You still have a warning?
Maybe you should post the full set of data declarations, and your rewritten source line - including the type cast. Only then will people on this forum be able to tell if your cast is correct or not.
LOL.
You won Andy. But there are a lot of similarities in our answers ;)
So if you're setting a pointer address, you should always use an uint value
Not true. intptr_t is the integer type wide enough to hold a pointer; ptrdiff_t is the type wide enough to hold a difference of two pointers. Neither one is necessarily the same as an unsigned int.

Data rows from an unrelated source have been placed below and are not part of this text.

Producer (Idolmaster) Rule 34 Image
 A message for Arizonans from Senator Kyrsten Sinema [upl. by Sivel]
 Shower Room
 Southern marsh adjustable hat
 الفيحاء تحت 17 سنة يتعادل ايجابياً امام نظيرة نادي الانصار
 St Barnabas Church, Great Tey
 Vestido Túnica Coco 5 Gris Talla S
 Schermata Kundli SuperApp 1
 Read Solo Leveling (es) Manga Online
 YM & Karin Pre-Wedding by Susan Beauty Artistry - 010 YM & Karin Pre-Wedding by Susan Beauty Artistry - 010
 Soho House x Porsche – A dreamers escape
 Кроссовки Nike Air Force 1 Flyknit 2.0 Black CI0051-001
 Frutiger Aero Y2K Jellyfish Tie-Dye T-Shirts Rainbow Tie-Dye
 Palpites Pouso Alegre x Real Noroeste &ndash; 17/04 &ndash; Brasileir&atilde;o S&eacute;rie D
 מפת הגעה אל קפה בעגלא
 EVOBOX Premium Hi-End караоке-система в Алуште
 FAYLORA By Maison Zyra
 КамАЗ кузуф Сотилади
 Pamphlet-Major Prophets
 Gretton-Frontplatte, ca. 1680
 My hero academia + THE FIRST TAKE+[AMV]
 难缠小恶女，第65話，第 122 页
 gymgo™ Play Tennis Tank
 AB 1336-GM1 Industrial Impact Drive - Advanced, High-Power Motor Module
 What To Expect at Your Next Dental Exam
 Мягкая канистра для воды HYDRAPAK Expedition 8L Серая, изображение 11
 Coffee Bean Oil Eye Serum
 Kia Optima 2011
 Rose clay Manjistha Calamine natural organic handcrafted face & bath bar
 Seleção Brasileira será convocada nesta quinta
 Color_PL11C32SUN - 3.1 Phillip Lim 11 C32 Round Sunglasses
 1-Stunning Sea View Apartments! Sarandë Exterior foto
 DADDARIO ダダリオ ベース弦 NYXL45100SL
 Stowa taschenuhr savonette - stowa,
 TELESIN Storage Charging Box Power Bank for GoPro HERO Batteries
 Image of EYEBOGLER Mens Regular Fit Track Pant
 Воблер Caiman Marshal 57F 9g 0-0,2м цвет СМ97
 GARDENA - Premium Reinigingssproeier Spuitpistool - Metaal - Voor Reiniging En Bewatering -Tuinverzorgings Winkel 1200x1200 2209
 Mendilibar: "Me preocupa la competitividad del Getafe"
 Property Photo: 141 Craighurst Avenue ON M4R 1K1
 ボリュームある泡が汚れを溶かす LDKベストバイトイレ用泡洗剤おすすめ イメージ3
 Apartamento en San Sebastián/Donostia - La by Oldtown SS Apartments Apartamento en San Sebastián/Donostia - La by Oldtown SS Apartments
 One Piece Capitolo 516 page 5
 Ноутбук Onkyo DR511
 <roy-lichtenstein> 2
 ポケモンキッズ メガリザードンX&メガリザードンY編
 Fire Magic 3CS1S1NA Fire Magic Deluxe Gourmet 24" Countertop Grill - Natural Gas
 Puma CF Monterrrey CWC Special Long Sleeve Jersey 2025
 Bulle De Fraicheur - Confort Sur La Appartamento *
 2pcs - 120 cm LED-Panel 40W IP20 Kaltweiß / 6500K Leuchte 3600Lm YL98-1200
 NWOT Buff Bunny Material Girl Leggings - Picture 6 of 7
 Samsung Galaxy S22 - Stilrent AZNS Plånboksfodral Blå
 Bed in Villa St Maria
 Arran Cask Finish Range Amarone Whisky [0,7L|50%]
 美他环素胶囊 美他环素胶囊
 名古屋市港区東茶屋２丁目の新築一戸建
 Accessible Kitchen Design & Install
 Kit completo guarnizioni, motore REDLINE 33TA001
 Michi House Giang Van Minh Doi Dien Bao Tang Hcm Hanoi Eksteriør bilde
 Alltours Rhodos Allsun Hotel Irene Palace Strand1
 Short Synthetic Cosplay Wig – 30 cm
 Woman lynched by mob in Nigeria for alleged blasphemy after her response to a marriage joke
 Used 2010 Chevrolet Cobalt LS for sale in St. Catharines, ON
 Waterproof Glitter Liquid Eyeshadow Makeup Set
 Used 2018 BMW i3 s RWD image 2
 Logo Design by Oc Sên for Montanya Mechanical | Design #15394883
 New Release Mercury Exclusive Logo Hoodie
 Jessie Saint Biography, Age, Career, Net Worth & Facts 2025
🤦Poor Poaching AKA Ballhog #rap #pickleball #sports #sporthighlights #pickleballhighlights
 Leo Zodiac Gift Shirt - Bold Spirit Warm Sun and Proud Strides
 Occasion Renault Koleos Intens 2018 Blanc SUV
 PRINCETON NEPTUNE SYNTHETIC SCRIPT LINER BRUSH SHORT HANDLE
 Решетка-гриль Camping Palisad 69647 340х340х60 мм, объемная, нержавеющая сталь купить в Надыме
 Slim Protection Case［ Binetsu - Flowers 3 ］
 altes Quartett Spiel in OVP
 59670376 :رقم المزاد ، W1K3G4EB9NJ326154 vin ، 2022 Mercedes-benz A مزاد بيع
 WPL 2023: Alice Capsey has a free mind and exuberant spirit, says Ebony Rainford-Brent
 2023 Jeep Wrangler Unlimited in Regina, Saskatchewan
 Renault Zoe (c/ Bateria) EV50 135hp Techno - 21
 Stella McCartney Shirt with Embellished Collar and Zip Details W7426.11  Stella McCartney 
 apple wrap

Compilers are allowed to warn about whatever they feel like. Given the complexity of the 8051 addresses spaces, as mentioned above, along with the variable width of pointers in the C51 implementation, I think it's a good thing for C51 to be sensitive in this regard. You're always free to disable or ignore the warning if you think it's silly, but in this case I'd recommended taking it to heart and putting in the proper casts where needed to convert the data type explicitly, rather than relying on default, implicit, conversions -- even if those did work in version 7.
char buf[1000]; char* p = buf; Now you think that the address of p is a base address. Why? The address of p has nothing to do with buf, and isn't the base of anything meaningful. This is what I consider as pointer address.
But we better stop here. I'm programming since a few years now and never had such problems. I think I don't need to read a bible about pointers, just to write some code. That's not the meaning of a computer language. To be more complicated than its inventor.
My conclusion is: if I set a pointer address in XDATA with a number I read from a struct and as long as this number is 2 bytes long and thus valid, then the pointer has to be set. Period. By assigning a pointer's address I'm not doing a pointer conversion, because the pointer only changes the byte it points to. Nothing more, nothing less.